Jörg Lück sieht der Entscheidung gelassen entgegen: „Dabei geht es überhaupt nicht um Mallorca, sondern um malle, wie bekloppt“, erklärt er. „Ich selbst sage auch nicht: Ich fliege nach Malle, sondern ich fliege nach Mallorca.“Lück hat sieben Jahre lang auf der Insel gelebt, seit 2003 ist er wieder in Hilden.
Aber wie kam er dann auf die Idee, sich den Markentitel schützen zu lassen? „Ich bin Musiker und habe 1994 mal eine Schlagernummer gemacht: We love Mallorca.“Auf diese Weise sei das Musiklabel EMI auf ihn aufmerksam geworden. 1995 brachten sie gemeinsam die ersten „Ballermann-Hits“heraus, sagt Lück.

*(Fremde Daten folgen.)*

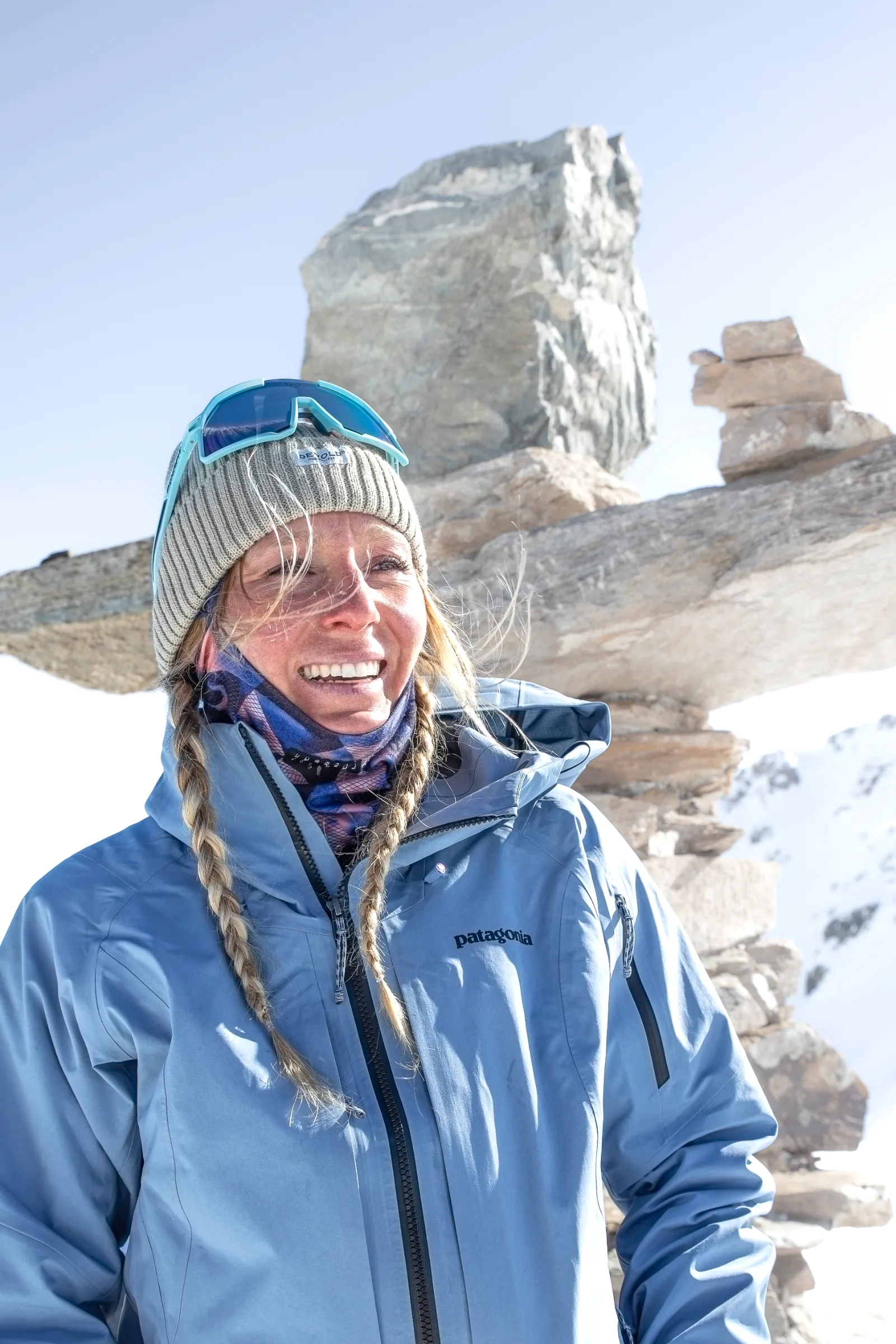 Michaela Casotti smiles with braided hair, a knitted beanie and goggles pushed up on her hat, with stacked stone slabs and snow behind her.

Im nächsten Jahr dann die zweite Auflage, das Album entwickelte sich zum Verkaufshit.
„Ich bin auch Produzent und habe unter anderem mit ,Zehn nackte Friseusen’ von Mickey Krause und mit dem Lied ,Wahnsinn, Hölle, Hölle, Hölle’ zwei große Hits gemacht. Und dann brauchten wir etwas für den Winter – und wir haben die ,ApresSki-Hits’ erfunden“, sagt Lück. Ebenfalls ein Riesenerfolg. „Diese Marke hatte ich ebenfalls schützen lassen, sie dann aber an EMI übertragen.“
Auf der Suche nach einem weiteren Party-Sampler sei ihm die Idee zu „Malle“gekommen. „Wir wollten etwas Verrücktes haben, eine crazy Reihe – da dachte ich an den Spruch ,Bist du malle!?’ Und dieses Wort habe ich mir dann schützen lassen“, sagt Lück. 2002 erschien dann die erste „Malle“-Hits. Heute gebe es 100 „Malle“-Produktionen, bei denen der Hildener maßgeblich beteiligt sei. „Wir sind auch bei iTunes, Spotify und Amazon vertreten.“
So eine Marke müsse man sauber halten: „Das ist wie ,Ballermann’ oder ,Coca-Cola’“, sagt er. Natürlich habe aber jeder die Möglichkeit, eine Lizenz für „Malle“zu erwerben. Die Webseite ist unter der Adresse „malle-lizenzen.com“zu erreichen. „Um eine Malle-Party mit bis 1000 Leuten zu feiern, müssen 500 Euro Lizenzkosten bezahlt werden“, sagt Lück, „das sind 50 Cent pro Gast.“Es habe auch schon mehrmals Abiturjahrgänge gegeben, die „Malle“-Partys gefeiert hätten. „Dort haben wir dann angerufen und auf den Verstoß hingewiesen. Die sind dann aus allen Wolken gefallen, aber wir haben in solchen Fällen immer eine einvernehmliche Lösung gefunden.“
Holger Seyfried vom Internetblog „Reisetiger“hat dagegen direkt eine Abmahnung erhalten und ist erbost: „Wir veranstalten keinerlei Partys, sondern berichten über Hoteldeals und Reiseangebote. Da kann es schon mal vorkommen, dass wir bei einer Reise nach Mallorca von „Malle“sprechen. Insbesondere wenn es um die dortige Partyszene an der Playa de Palma geht, denn genau die wird vielfach mit der Abkürzung assoziiert“, erklärt er.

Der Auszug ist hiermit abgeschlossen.